I'm doing some product association work where I have two large data.tables. One is a rules table (2.4m rows) and one is a customer product table (3m rows). Effectively what I want to do is merge the two together and select the top 10 products per customer, but doing this at the high level isn't viable due to the size. However, to get round this, I want to iteratively merge the two tables at a customer level, select the top 10 products and return it.
The below example probably explains it better:
require(data.table)
customer <- data.table(customer=rep(seq(1:5),3),product_bought=rep(c("A","B","C"),5), number=runif(15))[order(customer)]
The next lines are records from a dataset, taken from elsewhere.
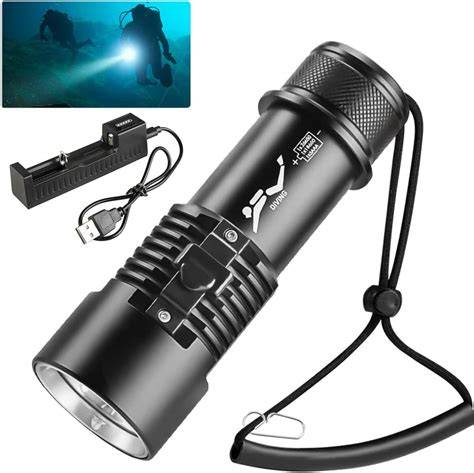 Linterna buceo PenalbaWeb.com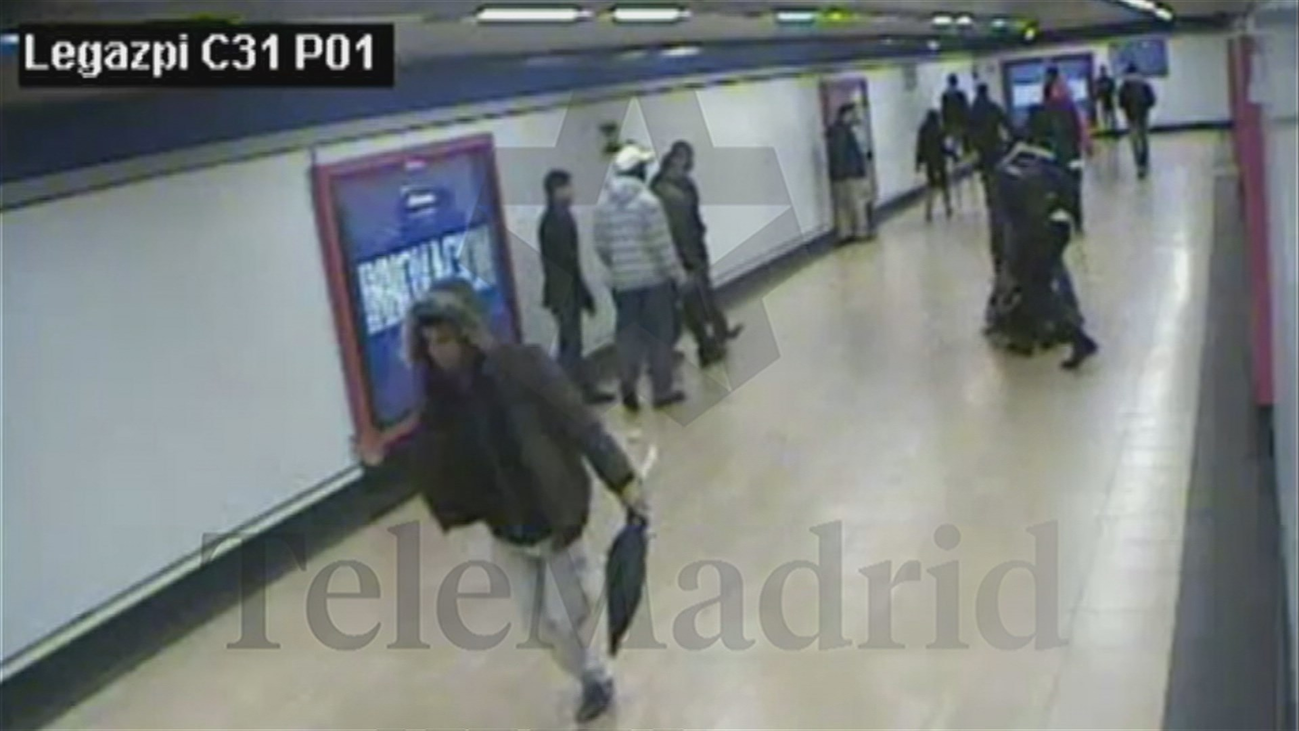 Brutal pelea en el metro de Madrid entre bandas latinas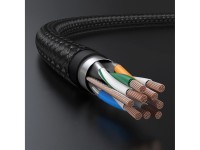 Ugreen NW150 80423 Ethernet RJ45 Cat 7 10Gbps Cable 2m - Black Ugreen NW150 80423 Ethernet RJ45 Cat 7 10Gbps Cable 2m - Black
rules <- data.table(product_bought=c("A","B","C"),recommended_product=c("D","E","F"),number2=runif(3,min=100,max=200))
customer[,lapply(.SD, function(z){
a <- merge(z,rules,by="product_bought")
a[,new:=number*number2]
a[new==max(new)]
return(a)
}),by=customer]
But I get the following error:
Error in fix.by(by.x, x) : 'by' must specify a uniquely valid colum
What I want it to do for all customers is this:
z <- customer[customer==1]
a <- merge(z,rules,by="product_bought")
a[,new:=number*number2]
a[new==max(new)]
Which gives:
> a[new==max(new)]
product_bought customer number recommended_product number2 new
1:
C 1 0.613043 F 168.4335 103.257
I did try using lists, but having a list of 30k data.tables had issues when trying to rbindlist it back up again.
Any ideas why the merge within a .SD doesn't work?
Cheers, Scott